--- Extracted entries ---
###
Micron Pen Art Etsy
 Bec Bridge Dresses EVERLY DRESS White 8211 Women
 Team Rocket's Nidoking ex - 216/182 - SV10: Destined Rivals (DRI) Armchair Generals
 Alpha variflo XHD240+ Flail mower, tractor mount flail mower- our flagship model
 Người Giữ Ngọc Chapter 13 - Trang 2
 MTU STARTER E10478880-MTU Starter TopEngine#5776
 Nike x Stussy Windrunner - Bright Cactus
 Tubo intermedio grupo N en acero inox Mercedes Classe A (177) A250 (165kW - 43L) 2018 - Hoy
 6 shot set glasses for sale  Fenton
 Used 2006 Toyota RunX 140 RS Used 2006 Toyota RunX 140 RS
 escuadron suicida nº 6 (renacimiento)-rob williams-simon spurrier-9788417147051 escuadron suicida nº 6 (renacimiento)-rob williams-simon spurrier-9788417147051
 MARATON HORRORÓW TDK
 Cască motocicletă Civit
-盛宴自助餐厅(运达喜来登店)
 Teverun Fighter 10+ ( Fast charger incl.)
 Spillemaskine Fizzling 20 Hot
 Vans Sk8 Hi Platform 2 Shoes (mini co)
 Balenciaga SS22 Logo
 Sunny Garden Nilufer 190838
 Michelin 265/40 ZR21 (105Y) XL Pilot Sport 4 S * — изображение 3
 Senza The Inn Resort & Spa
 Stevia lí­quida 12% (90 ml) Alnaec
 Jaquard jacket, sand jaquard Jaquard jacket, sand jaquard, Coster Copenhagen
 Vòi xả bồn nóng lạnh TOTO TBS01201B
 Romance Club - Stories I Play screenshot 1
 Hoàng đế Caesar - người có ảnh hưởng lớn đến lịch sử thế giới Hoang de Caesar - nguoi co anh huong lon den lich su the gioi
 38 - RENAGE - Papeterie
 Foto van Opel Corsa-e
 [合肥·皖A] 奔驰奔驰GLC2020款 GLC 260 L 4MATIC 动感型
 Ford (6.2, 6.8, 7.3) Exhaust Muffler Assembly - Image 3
###
--- Task directions ---
Every line from the one containing "Vòi xả bồn nóng lạnh TOTO TBS01201B" through the last line of the entries above must be output exactly. Leave the rest out.

--- Response to the task ---
 Vòi xả bồn nóng lạnh TOTO TBS01201B
 Romance Club - Stories I Play screenshot 1
 Hoàng đế Caesar - người có ảnh hưởng lớn đến lịch sử thế giới Hoang de Caesar - nguoi co anh huong lon den lich su the gioi
 38 - RENAGE - Papeterie
 Foto van Opel Corsa-e
 [合肥·皖A] 奔驰奔驰GLC2020款 GLC 260 L 4MATIC 动感型
 Ford (6.2, 6.8, 7.3) Exhaust Muffler Assembly - Image 3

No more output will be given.